Without pictures, return the lines from the one containing "A PAIR OF VINTAGE PENDANTS / BROOCHES" through the last line of the data below, exactly.

** Opening Records for the exercise block **

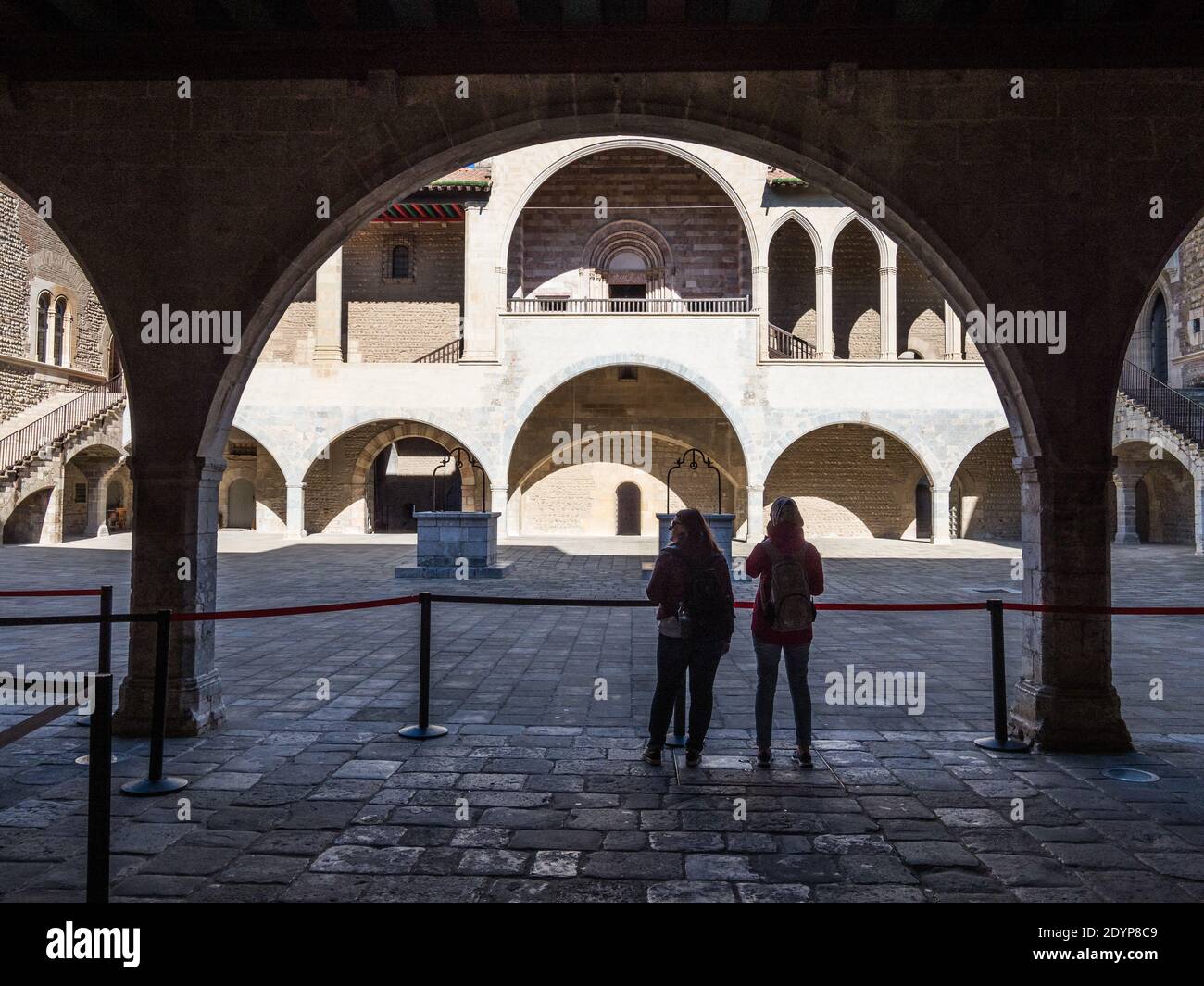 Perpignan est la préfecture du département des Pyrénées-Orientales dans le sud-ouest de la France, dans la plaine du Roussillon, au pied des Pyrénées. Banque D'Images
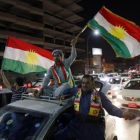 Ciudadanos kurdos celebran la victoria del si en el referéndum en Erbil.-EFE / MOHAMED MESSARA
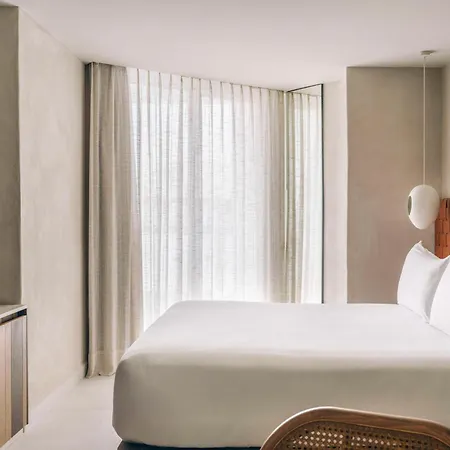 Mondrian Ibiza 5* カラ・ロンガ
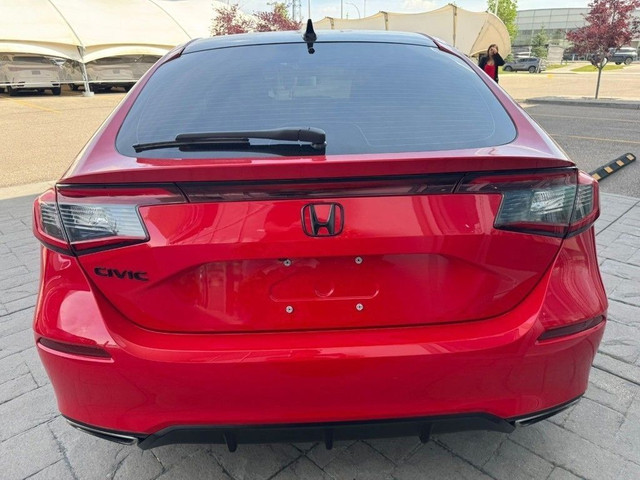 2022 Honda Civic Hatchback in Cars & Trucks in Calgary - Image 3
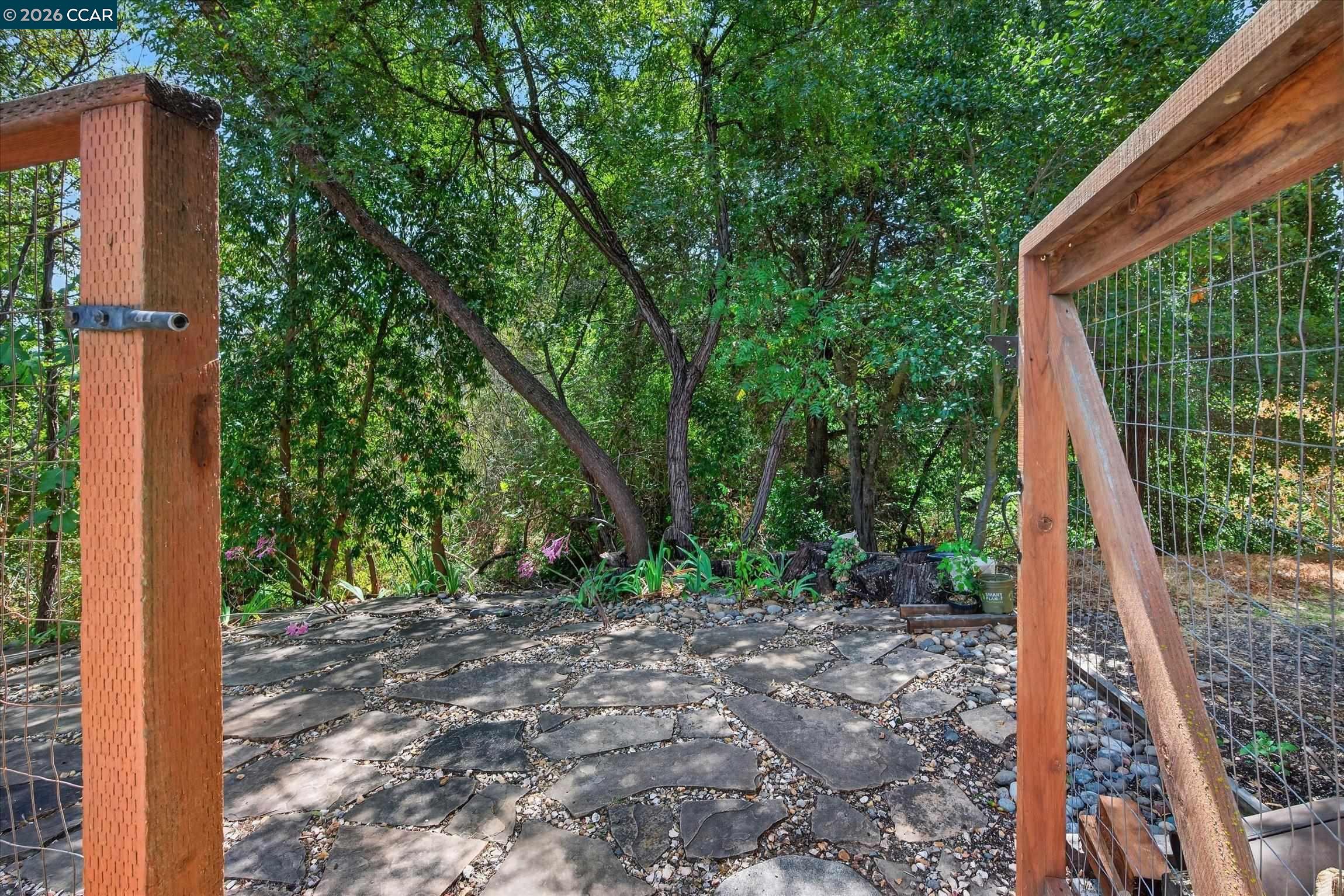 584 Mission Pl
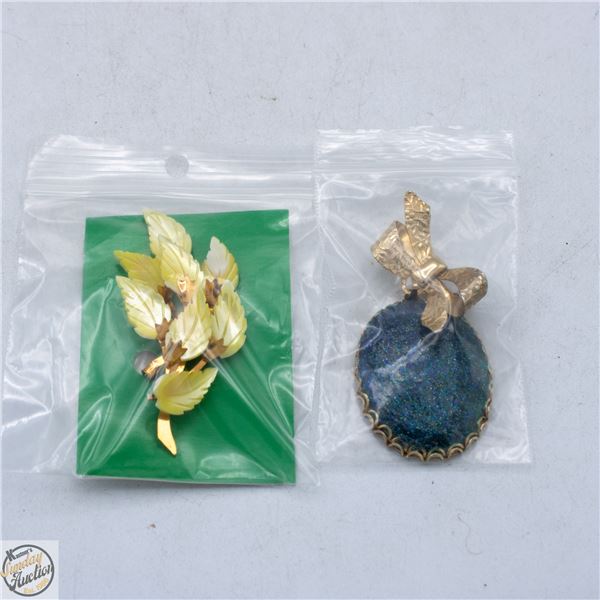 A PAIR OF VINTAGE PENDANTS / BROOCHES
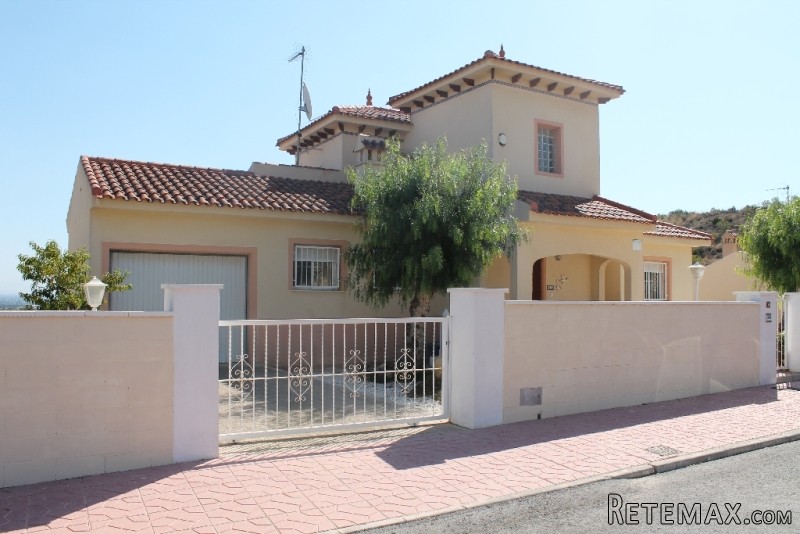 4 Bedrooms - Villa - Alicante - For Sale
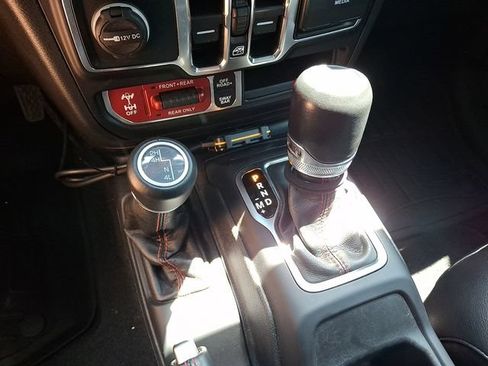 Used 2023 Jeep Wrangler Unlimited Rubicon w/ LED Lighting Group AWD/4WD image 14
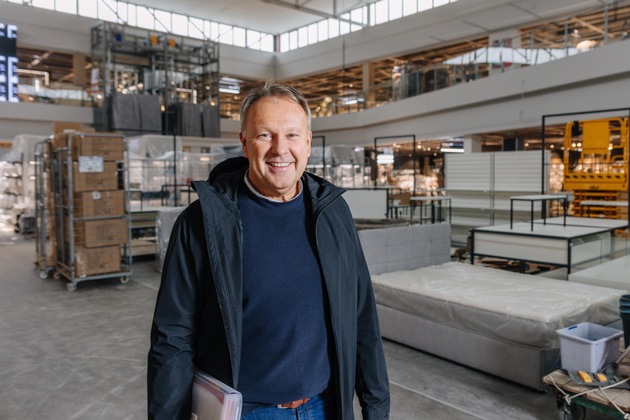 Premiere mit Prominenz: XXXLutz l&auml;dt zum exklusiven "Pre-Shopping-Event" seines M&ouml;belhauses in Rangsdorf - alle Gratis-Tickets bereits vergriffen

** Closing Records for the exercise block **

Exercise answer.
 A PAIR OF VINTAGE PENDANTS / BROOCHES
 4 Bedrooms - Villa - Alicante - For Sale
 Used 2023 Jeep Wrangler Unlimited Rubicon w/ LED Lighting Group AWD/4WD image 14
 Premiere mit Prominenz: XXXLutz l&auml;dt zum exklusiven "Pre-Shopping-Event" seines M&ouml;belhauses in Rangsdorf - alle Gratis-Tickets bereits vergriffen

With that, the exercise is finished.